§ TO DO
Your copy must hold every line of the records word for word. It must hold no pictures.

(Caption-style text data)
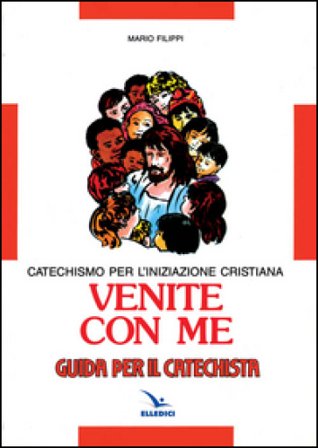 Venite con me. Catechismo per l'iniziazione cristiana. Guida Mario Filippi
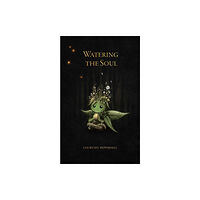 Andrews McMeel Publishing Watering the Soul (häftad, eng)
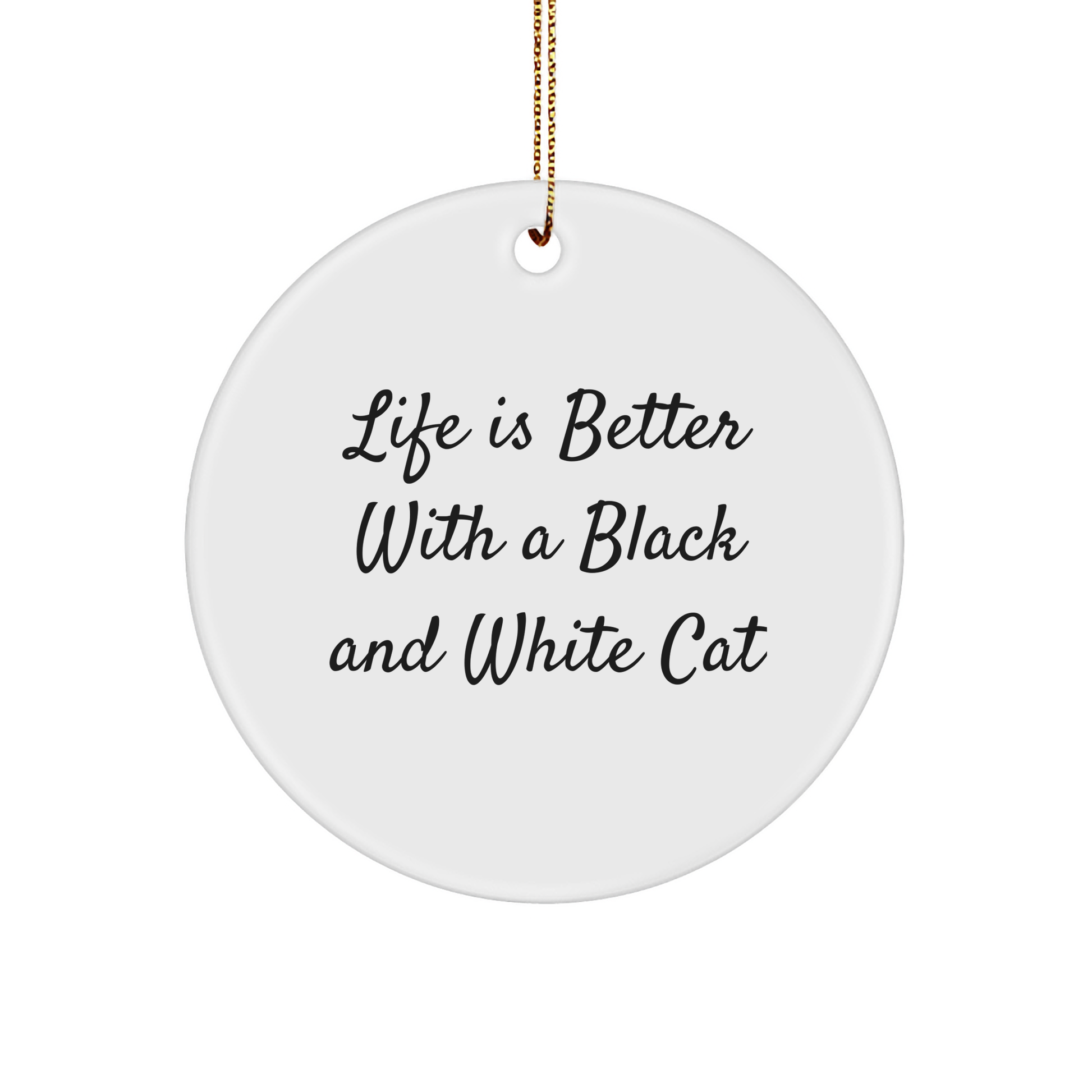 Black and White Cat Gifts from Friends, Christmas Unique Circle Ornaments for Men, Women, Family, and Friends - Life Is Better with a Black and White Cat - Victory Thru Vision 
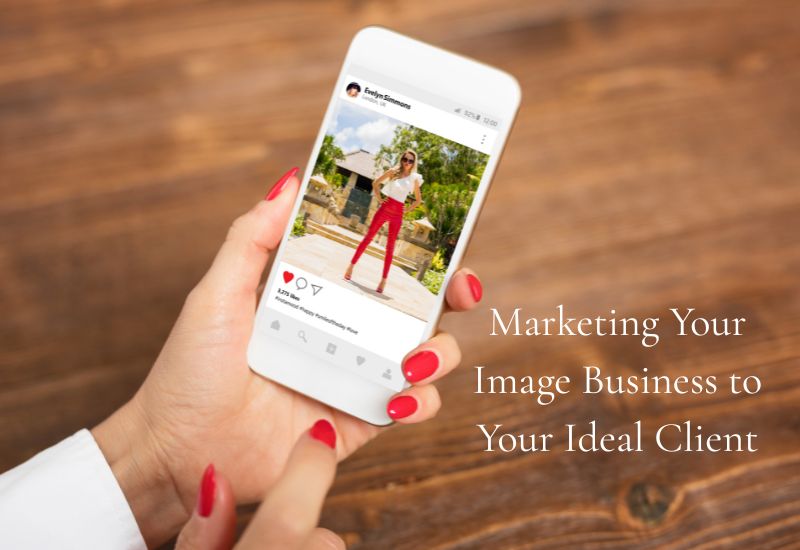 Marketing Your Image Business to Your Ideal Client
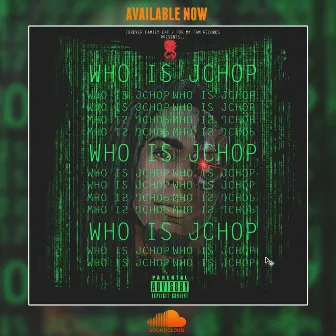 Who Is Jchop by Jchop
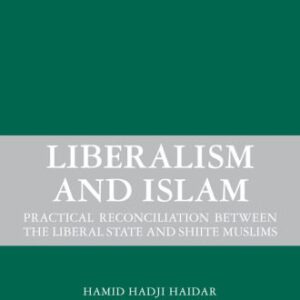 خرید و دانلود نسخه کامل کتاب Liberalism and Islam: Practical Reconciliation between the Liberal State and Shiite Muslims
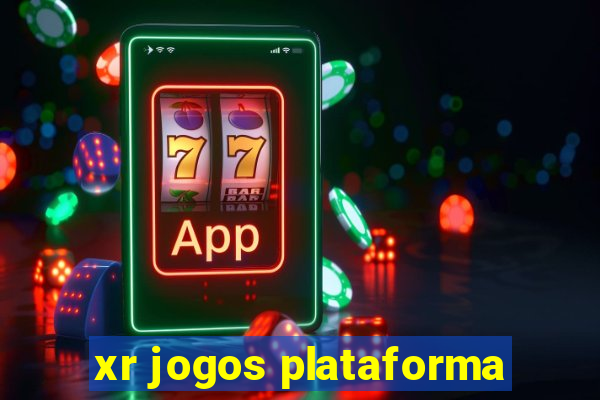 xr jogos plataforma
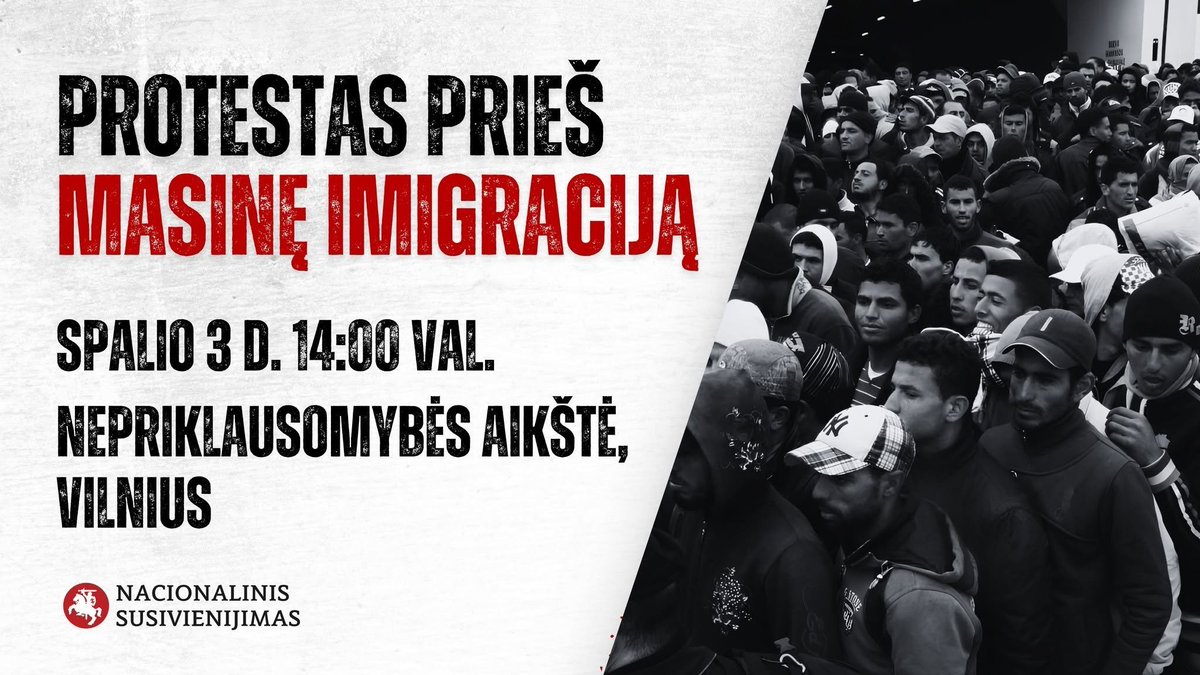 nsusivienijimas's tweet photo. Nacionalinis susivienijimas kviečia visus neabejingus Lietuvos piliečius į protesto akciją prieš masinę imigraciją.

Reikalaujame:
• griežtinti nusikaltusių užsieniečių deportaciją
• uždaryti migrantų įdarbinimo centrus užsienio šalyse
• mažinti bendrą leidžiamą migrantų kvotą https://t.co/JCLCeqRwDs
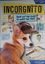 Incorgnito (Inglés)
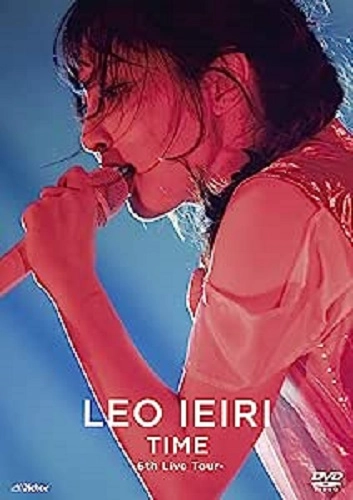 LEO IEIRI / 家入レオ / TIME ~6th Live Tour~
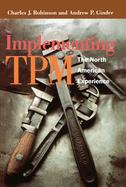 Implementing TPM: The North American Experience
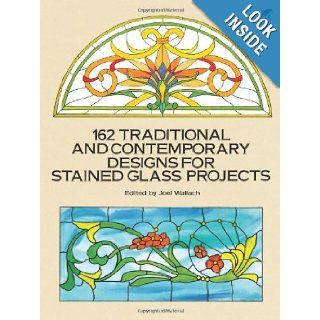 162 Traditional and Contemporary Designs for Stained Glass Projects (Dover Stained Glass Instruction): Joel Wallach: 9780486269283: Books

§ EXERCISE RESPONSE
 Venite con me. Catechismo per l'iniziazione cristiana. Guida Mario Filippi
 Andrews McMeel Publishing Watering the Soul (häftad, eng)
 Black and White Cat Gifts from Friends, Christmas Unique Circle Ornaments for Men, Women, Family, and Friends - Life Is Better with a Black and White Cat - Victory Thru Vision 
 Marketing Your Image Business to Your Ideal Client
 Who Is Jchop by Jchop
 خرید و دانلود نسخه کامل کتاب Liberalism and Islam: Practical Reconciliation between the Liberal State and Shiite Muslims
 xr jogos plataforma
 nsusivienijimas's tweet photo. Nacionalinis susivienijimas kviečia visus neabejingus Lietuvos piliečius į protesto akciją prieš masinę imigraciją.

Reikalaujame:
• griežtinti nusikaltusių užsieniečių deportaciją
• uždaryti migrantų įdarbinimo centrus užsienio šalyse
• mažinti bendrą leidžiamą migrantų kvotą https://t.co/JCLCeqRwDs
 Incorgnito (Inglés)
 LEO IEIRI / 家入レオ / TIME ~6th Live Tour~
 Implementing TPM: The North American Experience
 162 Traditional and Contemporary Designs for Stained Glass Projects (Dover Stained Glass Instruction): Joel Wallach: 9780486269283: Books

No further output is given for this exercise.